In dramatic events that erupted a little over an hour after the first prisoner, Jack Jones, was put to death, a federal judge stepped in and temporarily stayed the lethal injection of the second, Marcel Williams, on grounds that Jones’ execution might have been unconstitutional. In frantic legal wrestling, the state conceded that it had spent some time trying to insert an IV line into Jones’ neck, but had failed in the endeavour.
The deputy solicitor general, Nicholas Bronni, admitted in a court filing that the execution team had tried “to place a central line in Jones’ neck, but the attempt was unsuccessful”.

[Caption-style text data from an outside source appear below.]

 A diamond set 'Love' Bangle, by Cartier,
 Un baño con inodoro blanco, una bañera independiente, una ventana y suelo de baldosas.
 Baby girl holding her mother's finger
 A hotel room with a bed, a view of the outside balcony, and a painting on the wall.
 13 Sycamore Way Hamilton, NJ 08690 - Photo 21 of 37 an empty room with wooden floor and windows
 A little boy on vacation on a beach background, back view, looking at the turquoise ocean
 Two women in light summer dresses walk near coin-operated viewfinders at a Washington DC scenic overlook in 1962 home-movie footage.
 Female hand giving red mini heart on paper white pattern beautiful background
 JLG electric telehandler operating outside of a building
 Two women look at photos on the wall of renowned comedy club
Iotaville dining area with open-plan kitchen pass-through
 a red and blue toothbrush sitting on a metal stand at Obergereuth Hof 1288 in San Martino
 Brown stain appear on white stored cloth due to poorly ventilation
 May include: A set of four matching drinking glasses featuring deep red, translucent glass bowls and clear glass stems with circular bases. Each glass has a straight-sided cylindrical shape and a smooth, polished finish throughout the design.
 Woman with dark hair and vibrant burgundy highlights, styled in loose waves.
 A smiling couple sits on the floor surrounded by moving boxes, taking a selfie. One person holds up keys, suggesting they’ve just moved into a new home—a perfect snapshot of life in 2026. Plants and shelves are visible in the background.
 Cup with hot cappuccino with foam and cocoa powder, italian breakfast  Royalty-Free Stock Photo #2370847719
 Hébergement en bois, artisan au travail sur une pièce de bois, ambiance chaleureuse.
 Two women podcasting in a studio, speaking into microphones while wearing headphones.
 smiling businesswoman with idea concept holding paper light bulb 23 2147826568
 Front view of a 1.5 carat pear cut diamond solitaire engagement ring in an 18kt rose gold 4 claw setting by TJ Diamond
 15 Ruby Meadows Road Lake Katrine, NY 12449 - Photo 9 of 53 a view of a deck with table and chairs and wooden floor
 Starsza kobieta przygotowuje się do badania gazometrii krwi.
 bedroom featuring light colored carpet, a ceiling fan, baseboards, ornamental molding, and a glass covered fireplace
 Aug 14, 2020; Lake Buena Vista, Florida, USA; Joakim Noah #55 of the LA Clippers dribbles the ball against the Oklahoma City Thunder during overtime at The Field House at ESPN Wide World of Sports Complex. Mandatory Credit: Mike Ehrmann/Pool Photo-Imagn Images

Lawyers representing Williams instantly protested to the courts that it had taken 45 minutes for the execution team to find a vein into which they could inject the lethal cocktail into Jones. The attorneys warned that their client was obese, weighing 400 pounds, and that would render finding his veins even more difficult than his fellow death row inmate.
Three media witnesses were allowed in to see both executions. But the value of their testimony was limited in one crucial regard: they were only permitted to enter the death chamber after the IV lines had been placed into the each prisoner’s veins, which means that there is no independent verification of whether or not the early stages of the death protocol were botched.
The double execution in Arkansas, carried out about three hours apart, marks something of a departure for the death penalty in both the state and the US. Until this month, Arkansas had not executed anyone for 12 years and nationally capital punishment has been markedly declining, with only 20 executions last year, the lowest number since 1991.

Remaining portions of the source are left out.